Using organoids to evaluate the effect of toxins on S. Suis translocation

The use of porcine ileal organoids offers possibilities for testing the effect of dietary interventions without conducting in vivo studies. Photo: Mark Pasveer

Fusarium mycotoxins such as deoxynivalenol (DON) frequently contaminate pig diets, often co-occurring with others like T-2 toxin. These toxins weaken intestinal barrier, raising infection risks. This study explores their effects on Streptococcus suis translocation using organoid models.

Fusarium mycotoxins such as deoxynivalenol (DON) commonly contaminate most pig diets (88%), often co-contaminating with other mycotoxins. For example, DON and T-2 toxin co-contamination is expected in 45% of globally produced diets. It is known that these mycotoxins compromise the intestinal barrier function, especially in young animals. Based on our observations, chronic exposure to low levels of these mycotoxins increases the susceptibility of piglets to pathogenic bacterial infections, requiring longer antibiotic therapy than piglets fed marginally contaminated diets. To understand this effect without conducting animal trials, we used a model that could mimic the pigs intestine to evaluate the translocation of Streptococcus suis during the exposure of porcine intestinal organoids to DON and T-2.

This image shows organoids: cell structures grown in vitro that are similar to original animal organs. Photo: Schothorst Feed Research

Set up of the study

Porcine ileal organoids were exposed to DON and T-2 individually or in combination and co-cultured with or without S. suis. To mimic chronic exposures as on-farm practice, DON was tested at a concentration of 0.1 µM and T-2 at a concentration of 0.01 µM, which corresponds to the expected concentration in blood after chronic dietary exposure to DON and T-2 at practical levels (e.g., 1 mg/kg DON and 0.1 mg/kg T-2). After 18-hours of in vitro culture, the integrity of the intestinal organoid monolayer was analyzed with a fluorescent dextran to detect the passage of non-electrolyte molecules, the transelectrical epithelial resistance (TER) to determine ionic barrier, as well as the translocation of S. suis (1 × 10⁶ CFU/mL) across the intestinal layer were evaluated.

Figure 1 – Mean (± SD) transepithelial electric resistance (TER) of a 2D organoid culture.

*The 2D organoid culture was continuously measured for 18 h post-seeding. (A) Treatments without S. suis (Control, DON, T2, and DON + T2); (B) Control group without S. suis (Control) and mycotoxins combined withS. suis exposure (Control + S. suis, DON + S. suis, T2 + S. suis, and DON + T2 + S. suis).

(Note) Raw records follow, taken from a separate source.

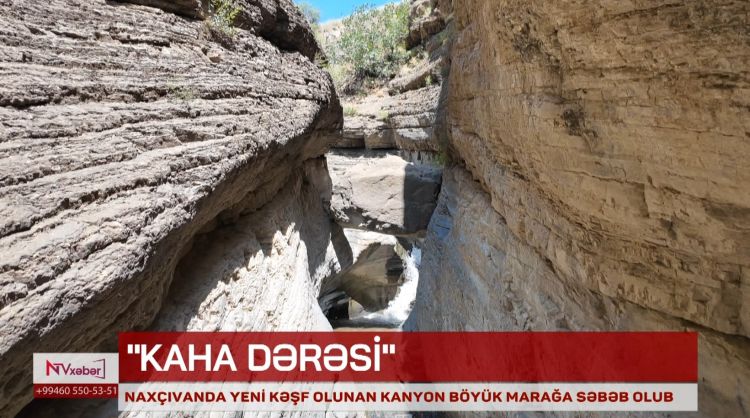 Naxçıvanda yeni kəşf olunan kanyon böyük marağa səbəb olub<font color=red> - VİDEO</font>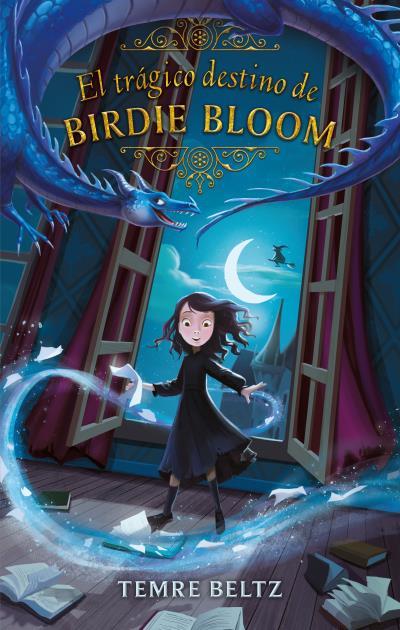 El trágico destino de Birdie Bloom | 9788492918584 | BELTZ, TEMRE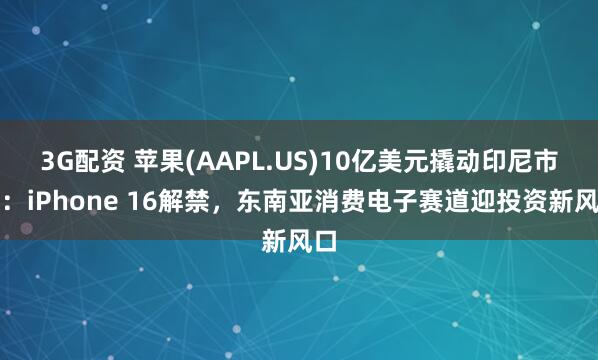 3G配资 苹果(AAPL.US)10亿美元撬动印尼市场：iPhone 16解禁，东南亚消费电子赛道迎投资新风口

Mycotoxin Knowledge Centre — **MYCOTOXIN KNOWLEDGE CENTRE**: The economic and health effects of mycotoxins are on a global scale. Thus, mitigating mycotoxins is a huge challenge with no universal solution. However, breakthroughs are being made all the time in control and prevention, mycotoxin testing and the impact of mycotoxins on livestock. To discover more click here

**Combination of mycotoxin and S. suis exposure**

When testing intestinal leakage using fluorescent dextran (FITC-d), it was observed that exposure to mycotoxins alone did not significantly increase the permeability of the ileum organoid monolayers to solutes with a molecular size of 4 kDa. However, exposure to 1 × 10⁶ CFU/mL S. suis in the control treatment led to an increase in permeability, which was further increased in combination with 0.01 µM T-2.

Changes in TER due to the different treatments were expressed as a percentage of the initial value at time zero (100%). At the start of the experiment, the TER values of the controls initially dropped to around 80% of the starting value and then gradually increased to 100% of the initial value over 18 h. A similar profile was observed when only 0.1 µM DON or 0.01 µM T-2 toxin was added to the apical culture medium (Figure 1A).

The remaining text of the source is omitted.